Country or region: United States
Message: Hello: I am wondering if I can use soda ash in my front loader washer to soften my hard water. I am a beginner dyer and had to purchase some soda ash and wondered if I can use the same product for dyeing and as a water softener.
I have also seen washing soda (by Arm & Hammer) used as a water softener. Is that better? If possible, I’d like to use one product for dyeing and water softening. Please advise. Your comments/suggestions would be most appreciated. Mary
Soda ash is not a good water softener for dyeing.
What works really well as a water softener for dyeing is sodium hexametaphosphate (also known as Metaphos, and formerly sold under the name of Calgon). Here in the US, I recommend that you order Water Softener from Dharma Trading Company, or Water Softener from Colorado Wholesale Dye (they have really good prices!), or Metaphos from PRO Chemical & Dye, or buy Jacquard Products brand Calgon from an art supply store that sells dyes from Jacquard Products. (See Sources for Dyeing Supplies Around the World for contact information for these and other suppliers.) Do NOT buy Calgon that is not specifically labeled as being Jacquard brand or sodium hexametahosphate; although “calgon” used to mean sodium hexametaphosphate, the Calgon company now sells entirely different products, such as sodium citrate or polycarboxylate, under the same name, which can cause real problems in dyeing. As long as you buy a product with “hexametaphosphate” in the fine print, you’ll be fine.
Water softening is the removal of hard water metal ions, specifically calcium and magnesium. Calcium forms complexes with some unattached dye molecules that are difficult to wash out, which results in some slowly-released unattached dye that bleeds in the laundry; it can also produce unwanted spotting as the dyes attach to the fabric. Sodium hexametaphosphate binds to the calcium and magnesium, making them water soluble, and removing the problems caused for dyeing by hard water.
We frequently use sodium carbonate to increase the pH so that cellulose can react with fiber reactive dyes. Although sodium carbonate is listed as a water softener for some purposes, using sodium carbonate does not solve the calcium problem when dyeing. It’s just as useless for this purpose in a front-loading machine as in a top-loader. Sodium carbonate reacts with the calcium in hard water to form insoluble calcium carbonate, which is deposited not only on the sides of a sink or bathtub, but also on the fabric, interfering with the ability of dye to evenly reach the fiber that you are dyeing. The water in the dyebath is, technically, softened by this reaction, because you end up with less calcium in the water; however, putting insoluble calcium carbonate onto your fabric does you no good at all.

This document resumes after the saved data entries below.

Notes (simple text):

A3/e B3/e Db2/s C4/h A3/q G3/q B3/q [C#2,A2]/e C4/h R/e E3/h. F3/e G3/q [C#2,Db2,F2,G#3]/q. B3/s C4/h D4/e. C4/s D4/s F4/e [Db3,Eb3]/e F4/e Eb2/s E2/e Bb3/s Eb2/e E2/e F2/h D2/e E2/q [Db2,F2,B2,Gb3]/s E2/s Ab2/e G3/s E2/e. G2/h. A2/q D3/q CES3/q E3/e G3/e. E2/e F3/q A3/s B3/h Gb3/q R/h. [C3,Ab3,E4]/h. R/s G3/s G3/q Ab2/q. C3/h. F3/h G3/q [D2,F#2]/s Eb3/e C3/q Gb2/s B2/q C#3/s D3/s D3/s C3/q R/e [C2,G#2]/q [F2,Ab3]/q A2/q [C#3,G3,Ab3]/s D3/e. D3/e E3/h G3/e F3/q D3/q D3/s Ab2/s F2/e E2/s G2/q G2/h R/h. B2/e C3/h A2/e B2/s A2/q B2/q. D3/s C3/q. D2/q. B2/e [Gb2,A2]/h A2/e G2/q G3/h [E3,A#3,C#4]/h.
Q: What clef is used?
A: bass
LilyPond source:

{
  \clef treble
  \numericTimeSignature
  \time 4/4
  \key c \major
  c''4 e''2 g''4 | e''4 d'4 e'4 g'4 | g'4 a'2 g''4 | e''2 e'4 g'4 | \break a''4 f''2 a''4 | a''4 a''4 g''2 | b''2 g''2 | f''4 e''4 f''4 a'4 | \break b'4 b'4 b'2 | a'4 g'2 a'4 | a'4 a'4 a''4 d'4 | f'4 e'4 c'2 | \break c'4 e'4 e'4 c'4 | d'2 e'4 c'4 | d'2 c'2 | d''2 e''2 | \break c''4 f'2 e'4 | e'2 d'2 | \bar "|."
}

A household water softening device uses a resin to replace the calcium ions with sodium ions, but this is not possible without the water softening equipment. You can’t do this in a washing machine.

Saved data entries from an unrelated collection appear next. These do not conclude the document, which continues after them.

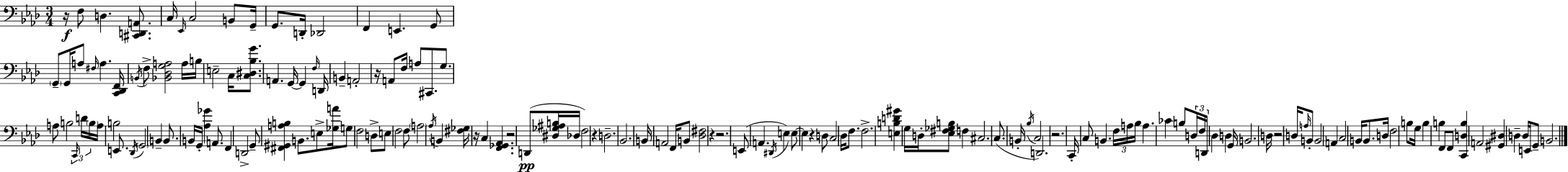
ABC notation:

X:1
T:Untitled
M:3/4
L:1/4
K:Ab
z/4 F,/2 D, [^C,,D,,A,,]/2 C,/4 _E,,/4 C,2 B,,/2 G,,/4 G,,/2 D,,/4 _D,,2 F,, E,, G,,/2 G,,/2 G,,/4 A,/2 ^F,/4 A, [C,,_D,,F,,]/4 B,,/4 F,/2 [_B,,_D,G,A,]2 A,/4 B,/4 E,2 C,/4 [C,^D,_B,G]/2 A,, G,,/4 G,, F,/4 D,,/4 B,, A,,2 z/4 A,,/2 F,/4 A,/2 ^C,,/2 G,/2 A,/2 B,2 C,,/4 D/4 B,/4 A,/4 B,2 E,,/2 _D,,/4 G,,2 B,, B,,/2 B,,/4 G,,/4 [_A,_G] A,,/2 F,, D,,2 G,,/2 [^F,,^G,,A,B,] B,,/2 E,/2 [_G,A]/4 G,/2 F,2 D,/2 E,/2 F,2 F,/2 A,2 _A,/4 B,, [^F,_G,]/4 z/4 C, [F,,_G,,_A,,] z2 D,,/2 [^D,_G,^A,B,]/4 _D,/4 F,2 z D,2 _B,,2 B,,/4 A,,2 F,,/4 B,,/2 [_D,^F,]2 z z2 E,,/2 A,, ^D,,/4 E, E,/2 E, z D,/2 C,2 _D,/4 F,/2 F,2 [E,B,D^G] G,/4 D,/4 [_E,^F,_G,B,]/2 F, ^C,2 C,/2 B,,/4 _B,/4 C,2 D,,2 z2 C,,/4 C,/2 B,, F,/4 A,/4 _B,/4 A, _C B,/2 D,/4 F,/4 D,,/4 _D, D, G,,/4 B,,2 D,/4 z2 D,/4 A,/4 B,,/2 B,,2 A,, C,2 B,,/4 B,,/2 D,/4 F,2 B,/2 G,/4 B, B, F,,/2 F,,/2 [C,,D,B,] A,,2 [^G,,^D,] D, D,/4 E,,/4 G,,/2 B,,2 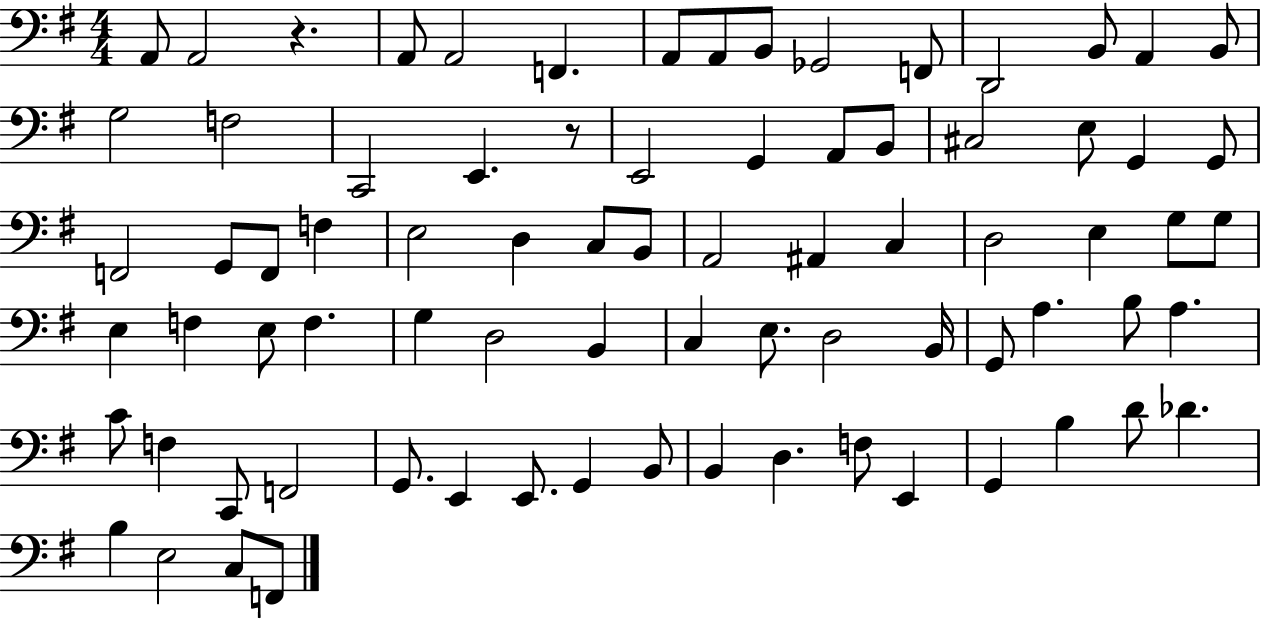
A2/e A2/h R/q. A2/e A2/h F2/q. A2/e A2/e B2/e Gb2/h F2/e D2/h B2/e A2/q B2/e G3/h F3/h C2/h E2/q. R/e E2/h G2/q A2/e B2/e C#3/h E3/e G2/q G2/e F2/h G2/e F2/e F3/q E3/h D3/q C3/e B2/e A2/h A#2/q C3/q D3/h E3/q G3/e G3/e E3/q F3/q E3/e F3/q. G3/q D3/h B2/q C3/q E3/e. D3/h B2/s G2/e A3/q. B3/e A3/q. C4/e F3/q C2/e F2/h G2/e. E2/q E2/e. G2/q B2/e B2/q D3/q. F3/e E2/q G2/q B3/q D4/e Db4/q. B3/q E3/h C3/e F2/e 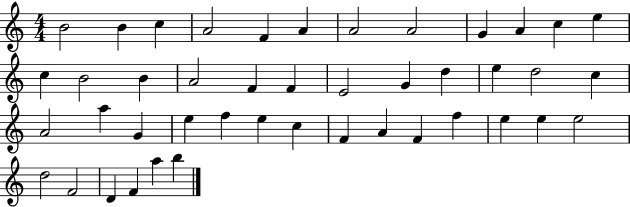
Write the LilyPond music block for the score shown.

{
  \clef treble
  \numericTimeSignature
  \time 4/4
  \key c \major
  b'2 b'4 c''4 | a'2 f'4 a'4 | a'2 a'2 | g'4 a'4 c''4 e''4 | \break c''4 b'2 b'4 | a'2 f'4 f'4 | e'2 g'4 d''4 | e''4 d''2 c''4 | \break a'2 a''4 g'4 | e''4 f''4 e''4 c''4 | f'4 a'4 f'4 f''4 | e''4 e''4 e''2 | \break d''2 f'2 | d'4 f'4 a''4 b''4 | \bar "|."
} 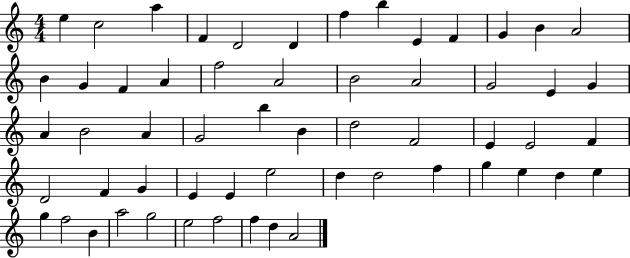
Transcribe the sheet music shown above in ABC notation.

X:1
T:Untitled
M:4/4
L:1/4
K:C
e c2 a F D2 D f b E F G B A2 B G F A f2 A2 B2 A2 G2 E G A B2 A G2 b B d2 F2 E E2 F D2 F G E E e2 d d2 f g e d e g f2 B a2 g2 e2 f2 f d A2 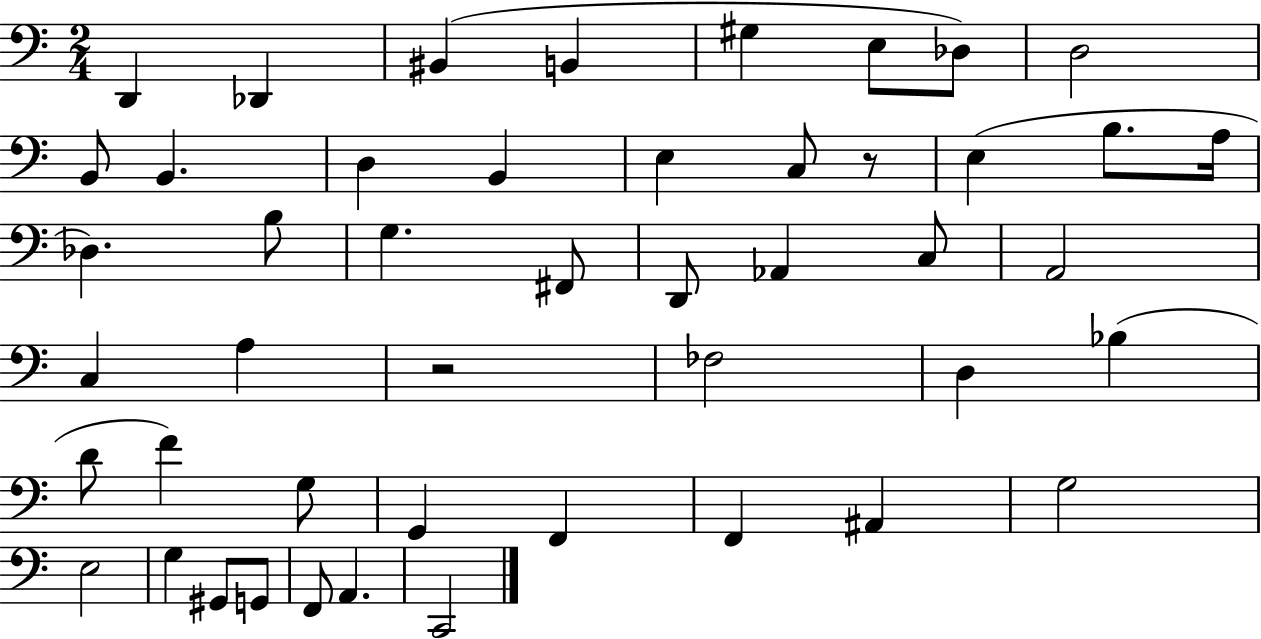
D2/q Db2/q BIS2/q B2/q G#3/q E3/e Db3/e D3/h B2/e B2/q. D3/q B2/q E3/q C3/e R/e E3/q B3/e. A3/s Db3/q. B3/e G3/q. F#2/e D2/e Ab2/q C3/e A2/h C3/q A3/q R/h FES3/h D3/q Bb3/q D4/e F4/q G3/e G2/q F2/q F2/q A#2/q G3/h E3/h G3/q G#2/e G2/e F2/e A2/q. C2/h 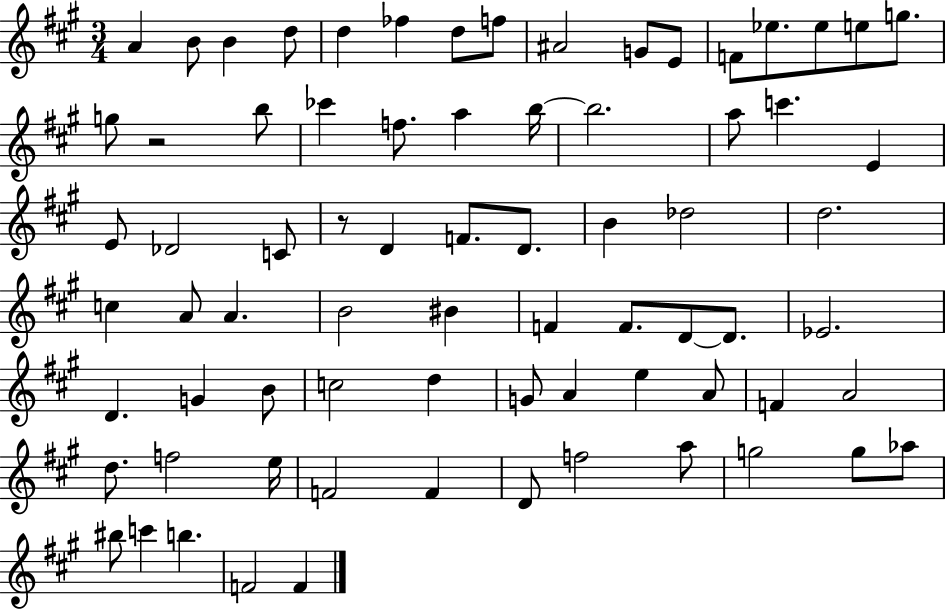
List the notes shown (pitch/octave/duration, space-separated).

A4/q B4/e B4/q D5/e D5/q FES5/q D5/e F5/e A#4/h G4/e E4/e F4/e Eb5/e. Eb5/e E5/e G5/e. G5/e R/h B5/e CES6/q F5/e. A5/q B5/s B5/h. A5/e C6/q. E4/q E4/e Db4/h C4/e R/e D4/q F4/e. D4/e. B4/q Db5/h D5/h. C5/q A4/e A4/q. B4/h BIS4/q F4/q F4/e. D4/e D4/e. Eb4/h. D4/q. G4/q B4/e C5/h D5/q G4/e A4/q E5/q A4/e F4/q A4/h D5/e. F5/h E5/s F4/h F4/q D4/e F5/h A5/e G5/h G5/e Ab5/e BIS5/e C6/q B5/q. F4/h F4/q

Washing soda, including that sold by Arm & Hammer, is nothing more than sodium carbonate with a few extra water molecules complexed to it. It is not better or worse as a water softener than soda ash is; they act exactly the same, which is to say, neither is useful as a water softener for dyeing, and both work very well as a fixative for fiber reactive dyes such as Procion dye. You can always use washing soda (sodium carbonate decahydrate) as a substitute for soda ash (anhydrous sodium carbonate), or vice versa, if you remember that washing soda has more volume and more weight per a given amount of sodium carbonate than soda ash does. You need to use 2.7 times as much washing soda as a substitute for soda ash, if measuring by weight, or 4.6 times as much if measuring by volume, to get the exact same number of sodium carbonate molecules. However, most of our dyeing recipes include a comfortable excess of sodium carbonate, so it’s usually not all that important if you forget to increase the amount you use.